On a cold, dark night, one of the many of this long, bitter winter, I decided to pre-order plants for the garden. As the days warmed up and no box appeared, I began to think I might not have actually placed the order. It is like me to fill a cyber basket and then balk at the shipping charge, abandoning my spree. This notion solidified in my mind when a search through my emails failed to turn up a confirmation.  So a few weekends ago, I went shopping for plants — Paul Robeson tomatoes (will they sing?) Thai dragon chiles (will they burn?).  Last week, a box arrived — yes, with more plants.  So if you need tomatoes, peppers, (as long as the critters are not too greedy) I’ll have them.

Looks like there is other bounty in store as well — tiny bunches of grapes already blanket our arbor and the strawberries are beginning to ripen. Still early, but it sure feels like summer has arrived.

Faking It

Even after 10 years of gardening on my not-quite quarter of an acre, I sometimes have no idea what I’m doing. Case in point: only two of the Dahlias I planted in pots a few weeks ago are emerging. I pushed aside soil in the other planters until I found the root still a woody end, dry and ragged as a calcified cigar. When I potted these tubers a few weeks ago I turned them over and over, poking the ends, unsure which end was where the plant would grow out of when I buried them. For all I know, the poor things could be smothering under there. (Rob suggested I should have planted them sideways.) Times like these, I feel like an incompetent gardener.

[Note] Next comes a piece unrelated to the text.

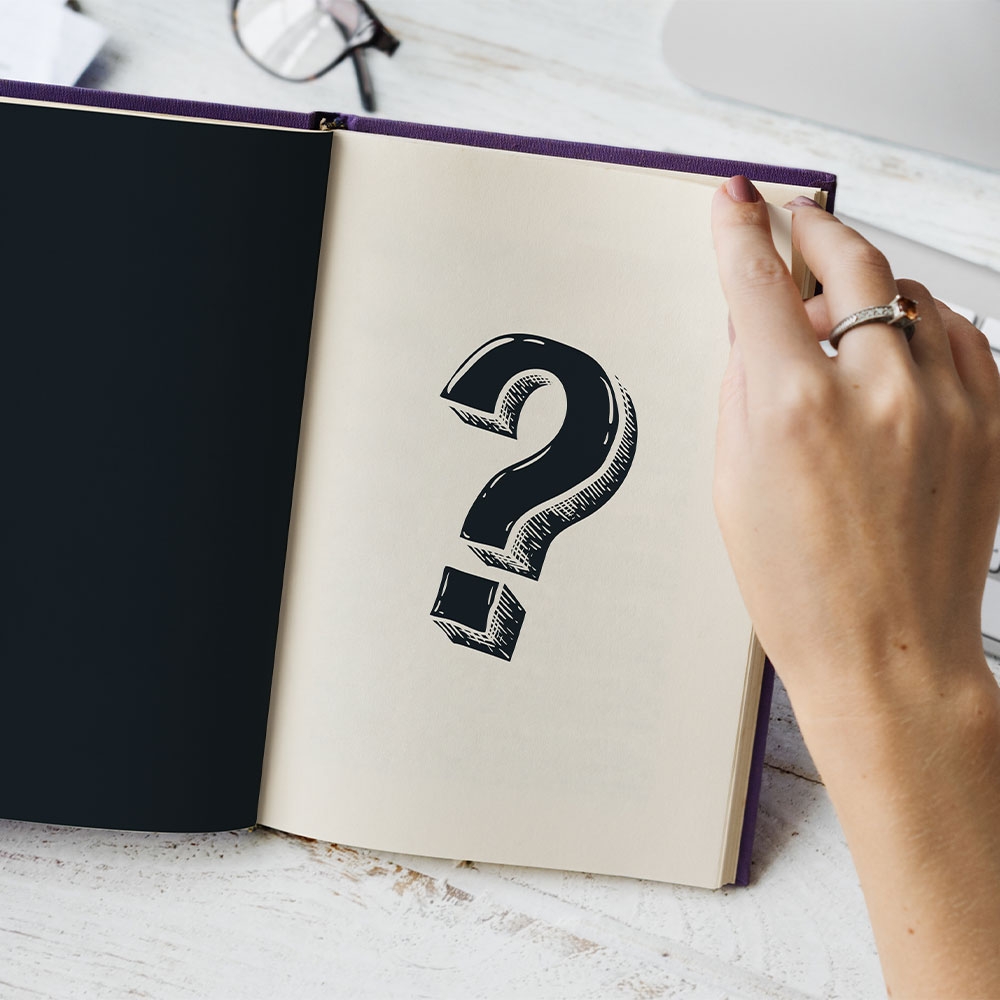 Mano intenta a sfogliare una pagina con un grande punto interrogativo disegnato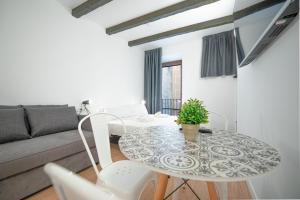 sala de estar con mesa y sofá en ESTUDIO ROMAN & CATHEDRAL EXPERIENCe, en Tarragona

This feeling of being a dilettante extends to other things I love – like cooking. I believe that if you can read, you can cook — it’s just directions, right? I credit great cookbooks and food blogs for deliciousness conjured up in the kitchen.  While I know I make kick-ass sandwiches – (stuffed with roasted peppers, jalapenos, herby-greens) without recipes but otherwise, rarely create something new from scratch. So really, any scrumptious meal I may make is only Tricia’s as designed by (insert recipe author here).

Although in my single years when it was easier to live on a dime, I fancied myself an artist and worked a paying job as little as possible in order to ‘do my art’, I always felt a bit of a fraud, even when galleries showed my work and people bought it. Now, I feel the same way about writing, wondering if I have the right tools or talent.

I marvel at the confidence I see in others. Where did they get theirs, why didn’t I get a dose of it when it was being doled out? But then I think about the Dahlias and the possibility that the invisible ones may just not be ready to bloom yet – and might end up the most spectacular of all.

 

Smelling Spring

I have been inhaling my way through spring, almost drunk on the fragrant shrubs in my garden. Last year’s extreme pruning left me with fewer Lilacs this year but I am reassured by wiser gardeners than me that next year will be better. Tiny Carol Mackie Daphne, on the other hand, is exploding in exotically scented little blooms. The Daphne’s fragrance is more delicate than the larger, almost vulgar smelling Virburnum shrub with it’s heavy white heads of flowers.  I made the mistake of planting these beauties all in the same corner at back of the house where we like to sit in the summer, imagining a scented garden. But it’s still too cool back there at this time of year and we rarely sit, as I’d imagined, inhaling the perfumes while soaking in the sun.  Instead, I regularly venture out to this spot to get my scent-fix and lob off branches of blooms to fill the house. But  after only a day or so, both blossoms and perfume fade. It’s not the same.

What is it about scent that is so evocative? I think it’s the ephemeral, passing quality – like time. We cannot keep it – not for long. There, the poignancy of spring.